In an exclusive interview, Christopher Mutsvangwa, the chairman of the national war veterans’ association and a former Zanu-PF minister, revealed:
‘The army gave the dictator a message earlier today. Either he steps down or they will let the people in to his mansion to take him.
‘The army is threatening to unleash the people and let Mugabe be lynched. The generals said they will not shoot the people for him.
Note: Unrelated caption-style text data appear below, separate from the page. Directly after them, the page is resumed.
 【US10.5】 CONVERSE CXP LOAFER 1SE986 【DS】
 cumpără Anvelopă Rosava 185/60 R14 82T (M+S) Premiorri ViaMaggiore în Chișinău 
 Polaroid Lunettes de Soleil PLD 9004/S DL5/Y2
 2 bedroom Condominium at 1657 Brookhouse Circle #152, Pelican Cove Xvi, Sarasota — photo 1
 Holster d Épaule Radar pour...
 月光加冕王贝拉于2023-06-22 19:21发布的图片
Instead, they will abandon their posts and leave him to his fate.’
Thousands of Zimbabweans have taken to the streets of the capital and other cities to demand the resignation of President Robert Mugabe.
In a party atmosphere, they tore pictures of Mr Mugabe and at one point marched to his office and residence.
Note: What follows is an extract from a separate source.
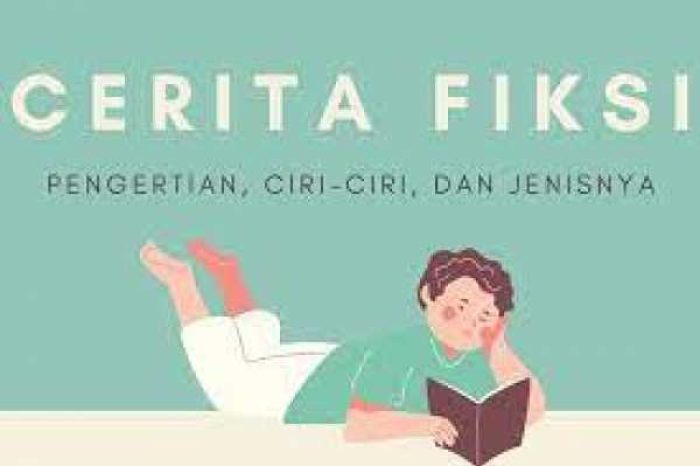 fiksi2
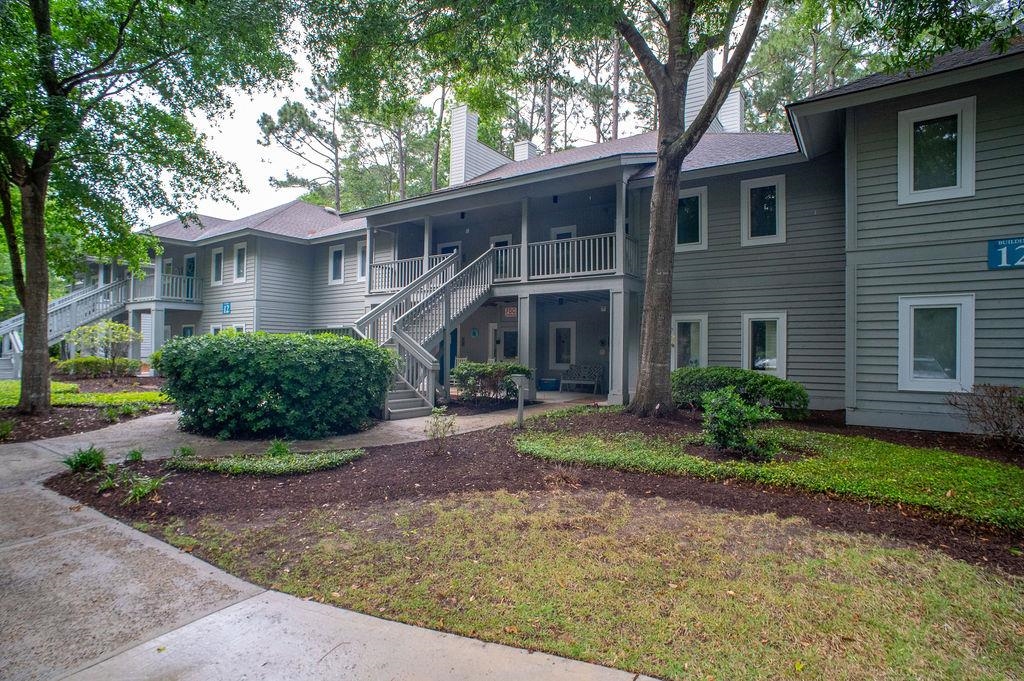 1221 Tidewater Dr. 1223 — photo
The army took over on Wednesday, days after Mr Mugabe sacked his deputy, signalling that he favoured his wife Grace as his successor.
Mr Mugabe, 93, has led Zimbabwe since independence from Britain in 1980.
The military has kept him confined to his residence and says it is “engaging” with him and will advise the public on the outcome of talks “as soon as possible”.
Saturday’s rally had the support of the army and members of the governing Zanu-PF party.
Veterans of Zimbabwe’s war for independence – who until last year were loyal to the president, the best-known among them – are also saying Mr Mugabe should quit.
Outside State House, the official residence, some people staged a sit-down protest in front of a line of troops, and opposition leader Morgan Tsvangirai addressed the crowd, to cheers.
The BBC’s Andrew Harding in Harare says this is a watershed moment and there can be no return to power for Mr Mugabe.
Our correspondent says the situation may appear to be getting out of Zanu-PF’s control and there could be a broad push to introduce a transitional government that includes the opposition.
On Friday, Mr Mugabe made his first public appearance since being confined to his house.
He spoke only to open the graduation at a university of which he is chancellor.
Grace Mugabe was not present. It had been thought she had left the country but it emerged on Thursday that she was at home with Mr Mugabe.
The military made its move after a power struggle over the successor for Mr Mugabe.
He sacked Vice-President Emmerson Mnangagwa last week, apparently to pave the way for Grace Mugabe, who is four decades younger than him, to take over the presidency.
Mr Mugabe’s nephew, Patrick Zhuwao, told Reuters news agency the couple were “ready to die for what is correct” and would not step down.